2009-09-12 Thread Larry Cable

I am wondering about writing a Servlet that would form/multi-part
upload large files and cache them in memcache then use the
cron API to trickle persist them into the DS over time ...

could maybe even get adventurous and put a filesystem-like API
over the cache ...

lemme know if anyone would be interested in this ... if there is
enough interest I'll put something together and open source it.

These timeouts in the DS and at the request while understandable
are a total PITA coding around them complicates the application
logic considerably ...

honestly I am begining to wonder if EC2 with a tomcat and a MySQL
or Derby DB in it might be a better way to go if you actually want
to store reasonable amounts of data.

I realize that this is an EA environment, but my feedback would be
that if you are aiming to provide a scalable web app and datastore,
there is little point in having either if the hosted application
cannot
store reasonable amounts of data in the 1st place.


On Sep 12, 8:37 am, P64 primo...@gmail.com wrote:
 Exactly!

 I was hoping this update 
 (http://code.google.com/p/datanucleus-appengine/issues/detail?id=7
 ) would seriously improve bulk inserts. As it seems in practice you
 can now do roughly 2-3 times as many inserts in the same ammount of
 real and CPU time.

 However this is still poor compared to what we're used to with
 relational databases on a relatively poor hardware.

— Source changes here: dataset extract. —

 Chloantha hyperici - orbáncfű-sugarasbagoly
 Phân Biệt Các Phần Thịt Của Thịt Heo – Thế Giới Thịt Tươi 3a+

 At the moment I can do a batch input of up to 300 entities (with a
 couple of Integer and String properties) in a 30 second time window
 and it costs me around 18 seconds of CPU time.

 I have a roughly 1.5MB file which I have to download, parse it's
 15.000 lines and insert them in database. I need no transactions in
 this case, all entities can be standalone, I don't mine the order in
 which they are written, could be parallel aswell as fas as I am
 concerned. As it seems now, I have to download this file, slice it in
 chunks of 300 lines, store each chunk in a database. Than I need to
 put 50 tasks in a queue, each taking 30 seconds to read a chunk from
 database, parse it in 300 seperate entities and store as such.

 Just database writes to do that would cost me well over 15 CPU
 minutes, not to mention the overhead caused by all the task spawning
 and so on.

 All that for an operation which litteraly takes seconds on my old box
 running relational DB, which I use for testing purposes.

 It's to complicated and it uses way to many resources to update 1000+
 entities - and there are lots of applications that need to update data
 from different sources (XML, SQL dumps, ...) on a daily basis.

 On 12 sep., 02:30, Larry Cable larry.ca...@gmail.com wrote:



  So now, I am hitting Datastore timeouts and Request timeouts ...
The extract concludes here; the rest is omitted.